How to complete this task -
Set the listing down again exactly, please, apart from its pictures.

=====

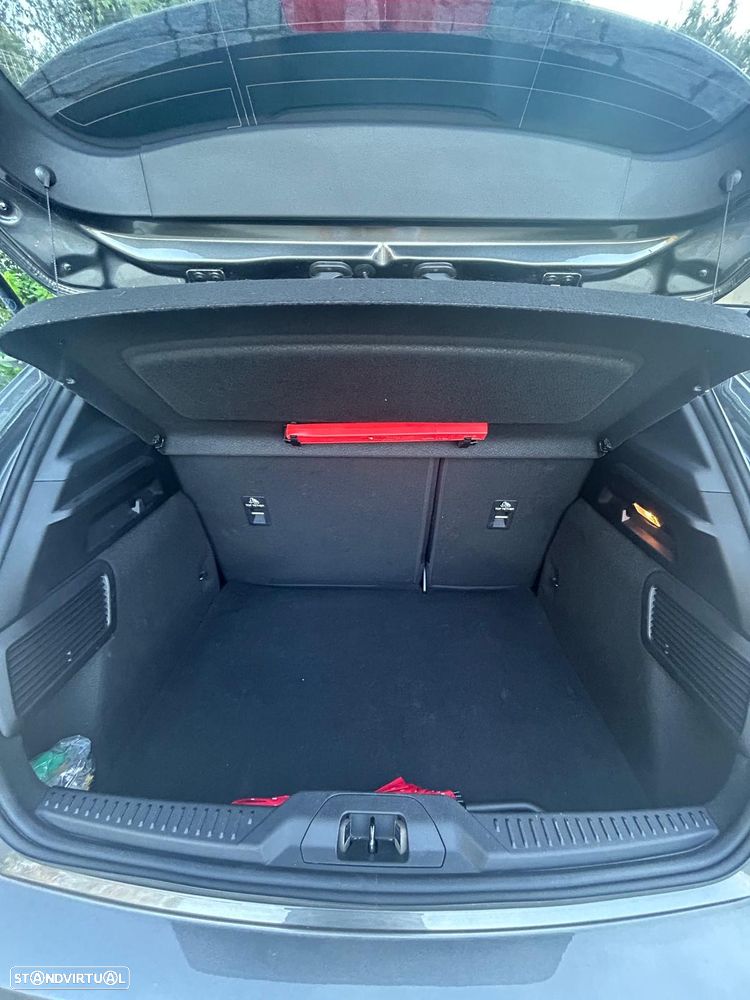 Ford Focus 1.0 EcoBoost ST-Line - 12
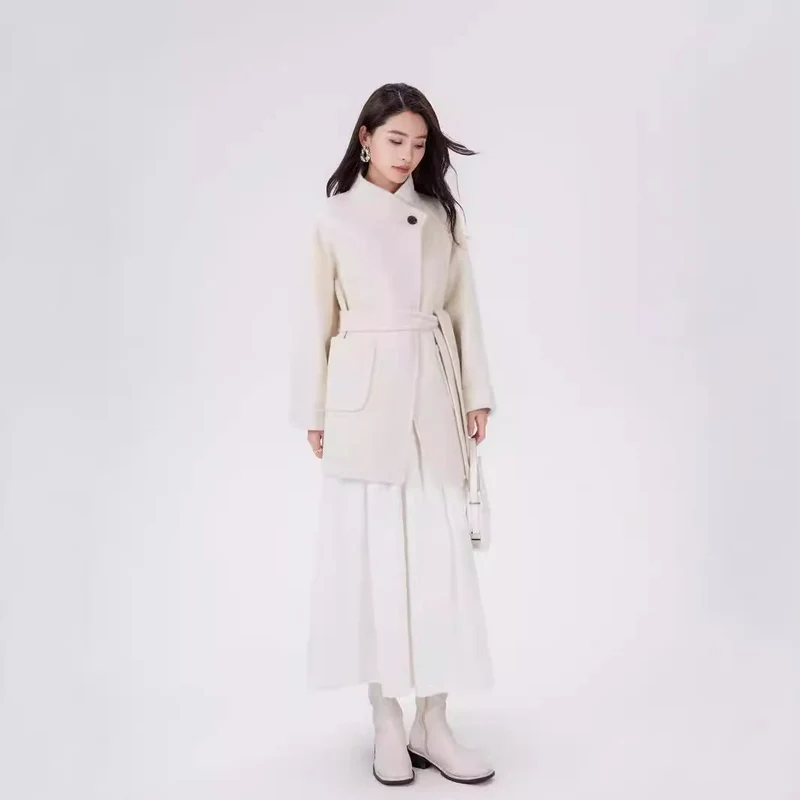 Damen Kurzer Wickel-Wollmantel mit hoher Knopfblende und aufgesetzten Taschen Nord Taschen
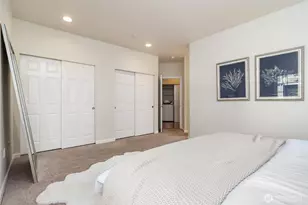 18606 NE 57th St, Redmond, WA 98052 - Photo 13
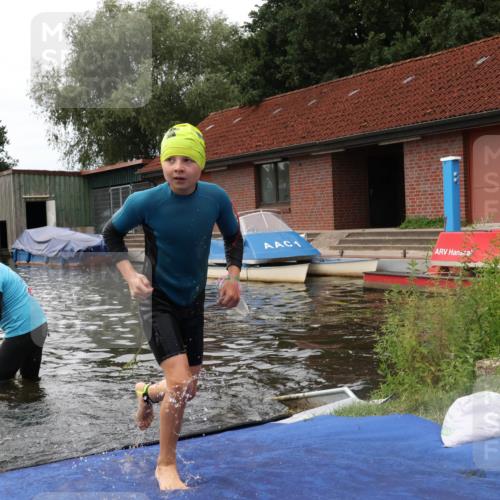 31.08.2025 - Elbe Triathlon Hamburg Luisa Fischer http://msf.ph/oto/8679477 31.08.2025 12:47:53 Schwimmen 1700, 1702, 1708, 1710, 1717, 1719 meine-sportfotos.de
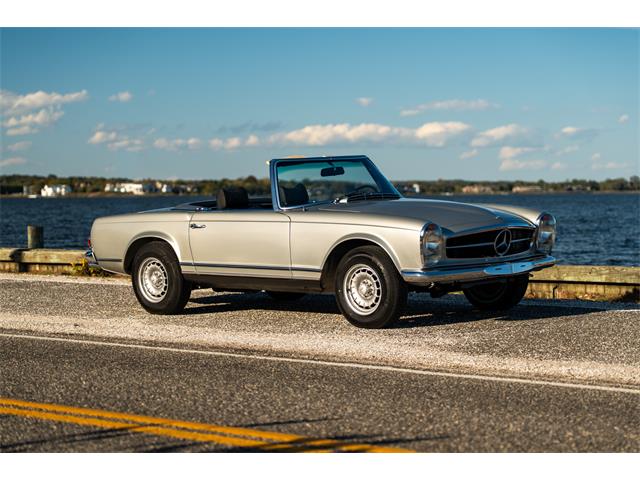 1969 Mercedes-Benz 280SL (CC-2118258) for sale in Southampton, New York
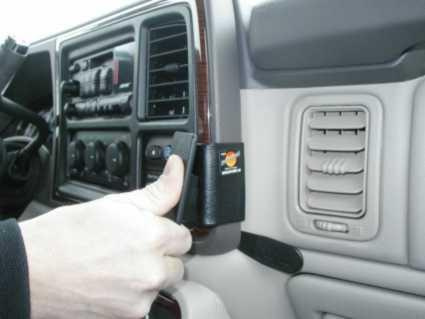 Chevrolet Avalanche 03-06, gewinkelt
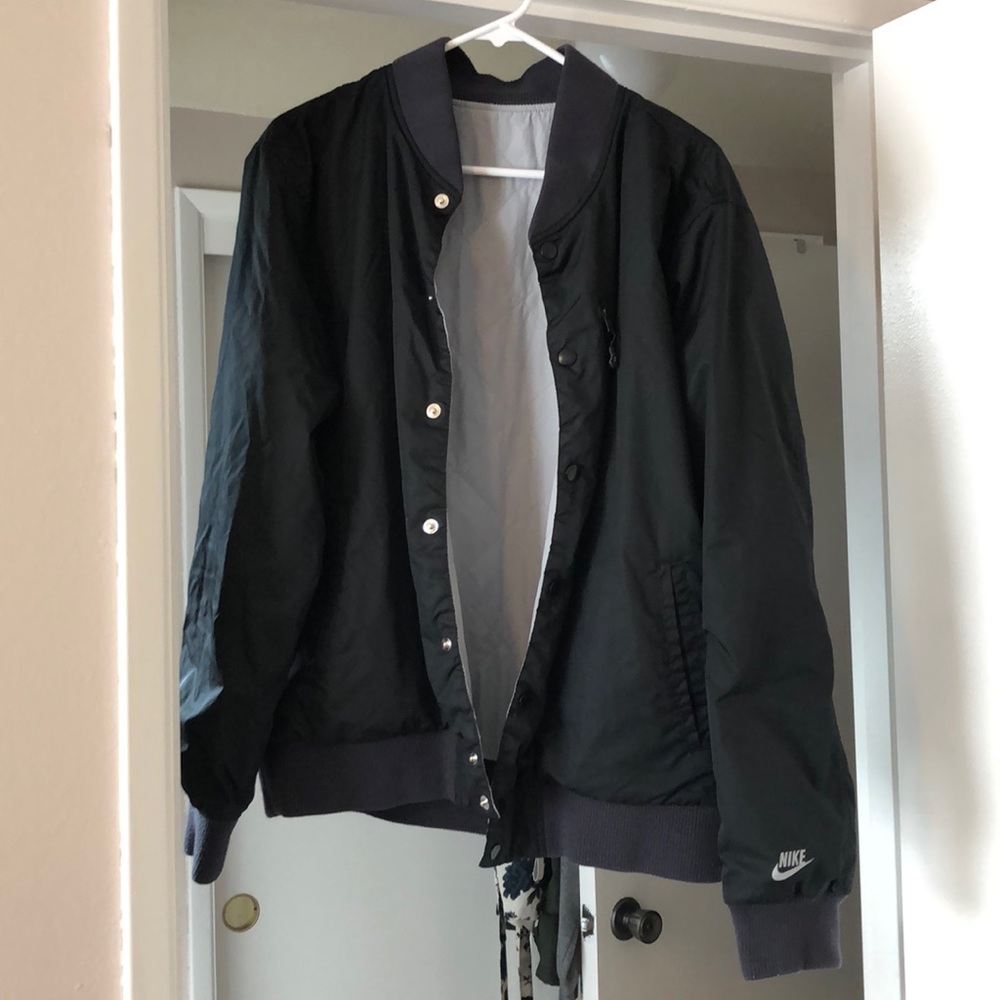 Black Nike button up jacket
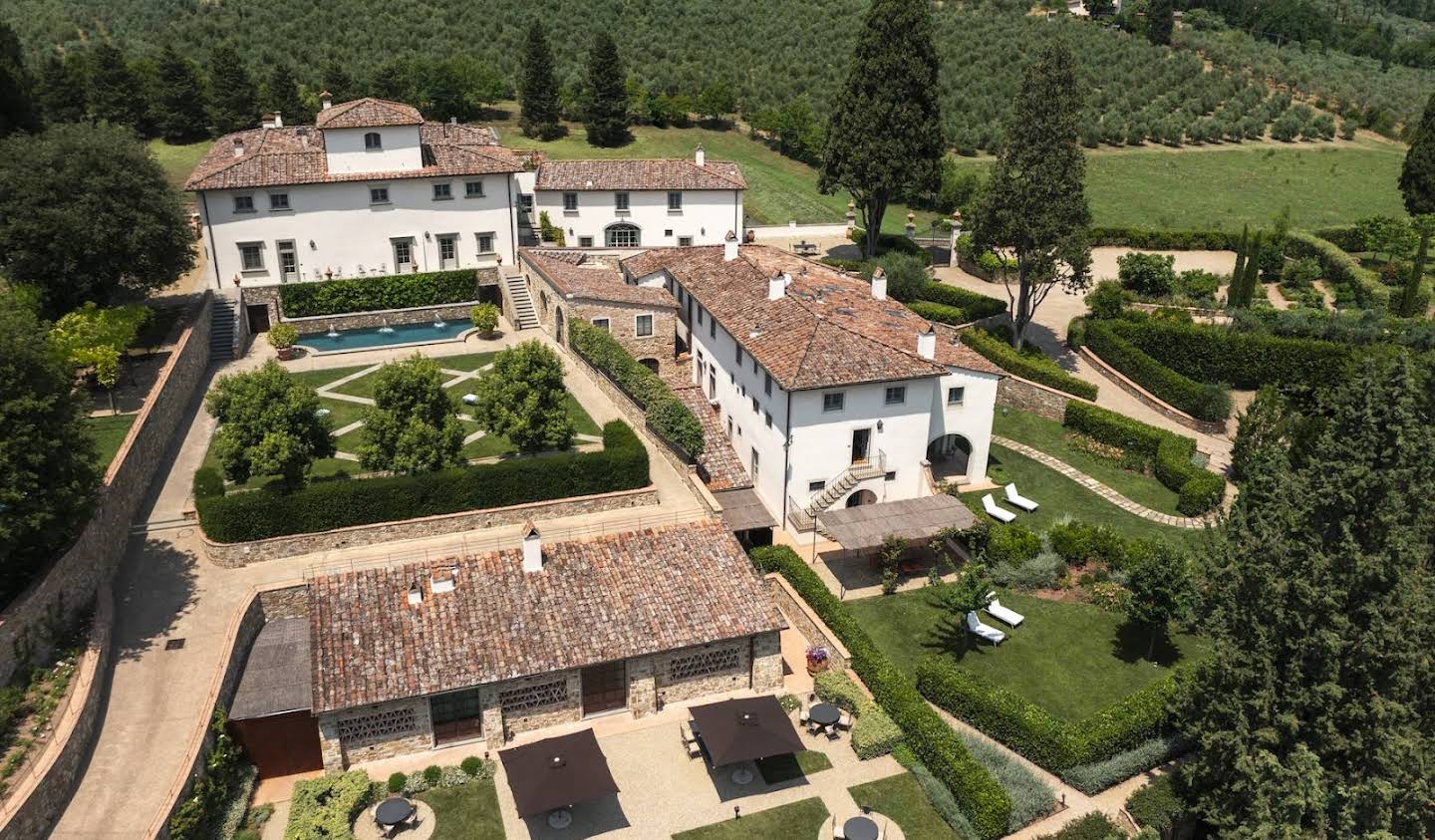 Corps de ferme avec piscine Florence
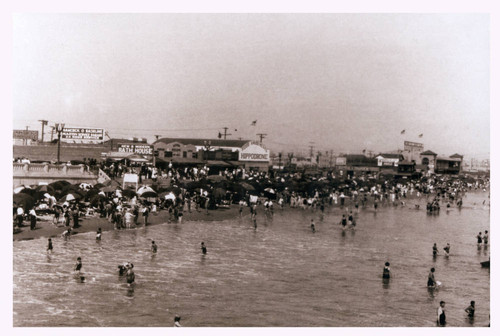 Belmont Shore beach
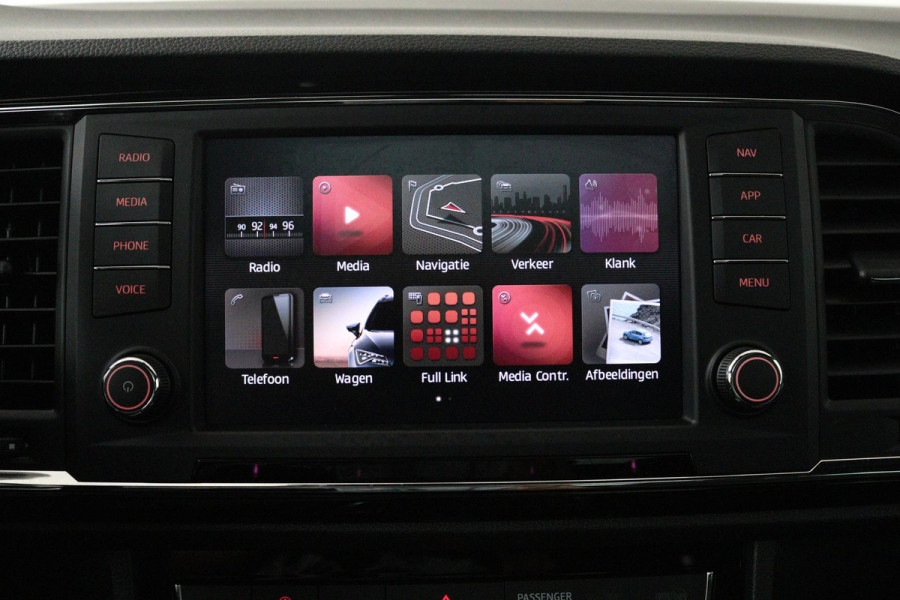 Seat Ateca 1.5 TSI Style (PANORAMADAK, TREKHAAK, NAVIGATIE, CRUISE CONTROL, STOELVERWARMING, ACHTERUITRIJCAMERA, AUTOMAAT)
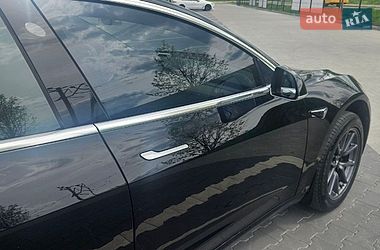 Седан Tesla Model 3 2018 в Ирпене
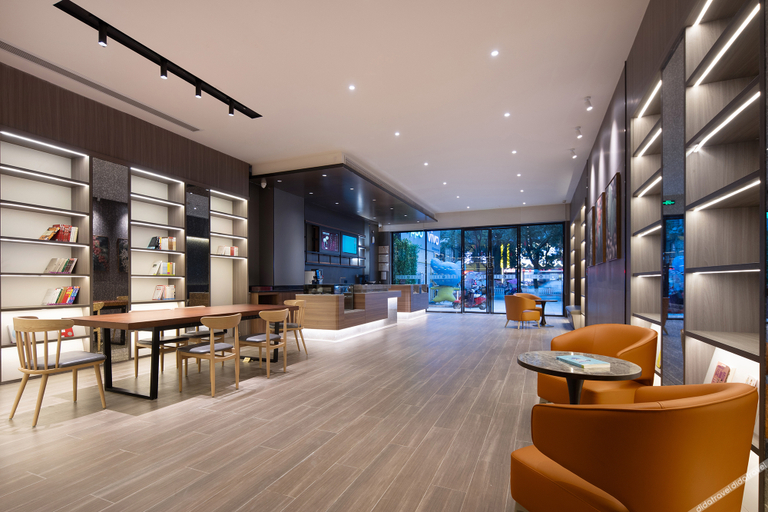 Food & Drinks 5, Hanting Hotel Anfu Wugongshan Boulevard, Ji'an
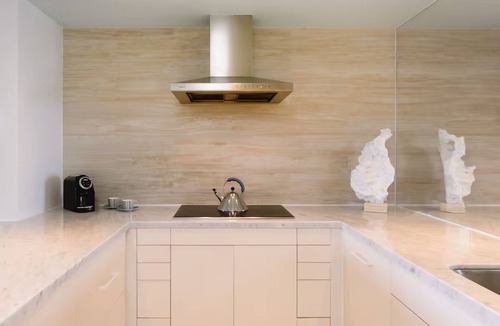 Nassau Hotel | Stunning Pet Friendly 3BR Unit | Near Goodman’s Bay Park with Pool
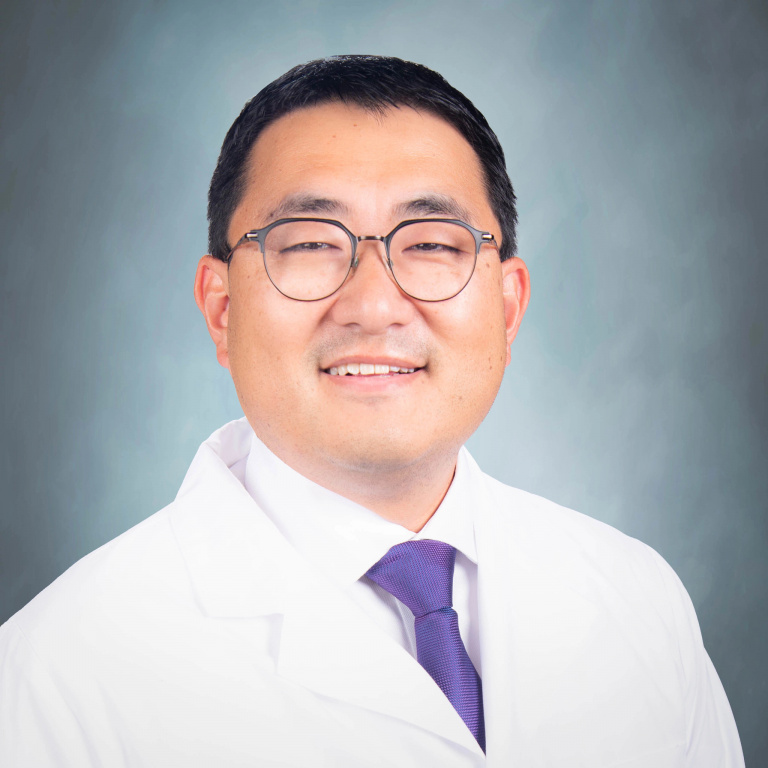 Dr. Kenji Leonard, MD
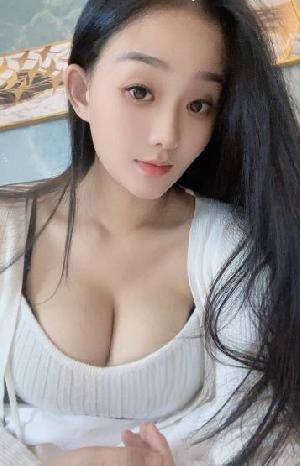 江宁性感大胸妹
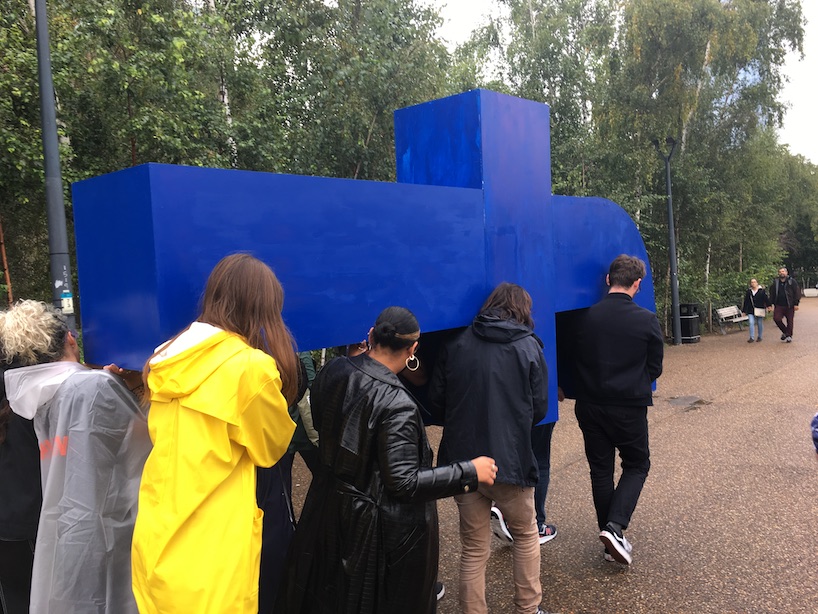 filipe vilas-boas carries the cross of social media around london's tate modern designboom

=====

Exercise answer -
 Ford Focus 1.0 EcoBoost ST-Line - 12
 Damen Kurzer Wickel-Wollmantel mit hoher Knopfblende und aufgesetzten Taschen Nord Taschen
 18606 NE 57th St, Redmond, WA 98052 - Photo 13
 31.08.2025 - Elbe Triathlon Hamburg Luisa Fischer http://msf.ph/oto/8679477 31.08.2025 12:47:53 Schwimmen 1700, 1702, 1708, 1710, 1717, 1719 meine-sportfotos.de
 1969 Mercedes-Benz 280SL (CC-2118258) for sale in Southampton, New York
 Chevrolet Avalanche 03-06, gewinkelt
 Black Nike button up jacket
 Corps de ferme avec piscine Florence
 Belmont Shore beach
 Seat Ateca 1.5 TSI Style (PANORAMADAK, TREKHAAK, NAVIGATIE, CRUISE CONTROL, STOELVERWARMING, ACHTERUITRIJCAMERA, AUTOMAAT)
 Седан Tesla Model 3 2018 в Ирпене
 Food & Drinks 5, Hanting Hotel Anfu Wugongshan Boulevard, Ji'an
 Nassau Hotel | Stunning Pet Friendly 3BR Unit | Near Goodman’s Bay Park with Pool
 Dr. Kenji Leonard, MD
 江宁性感大胸妹
 filipe vilas-boas carries the cross of social media around london's tate modern designboom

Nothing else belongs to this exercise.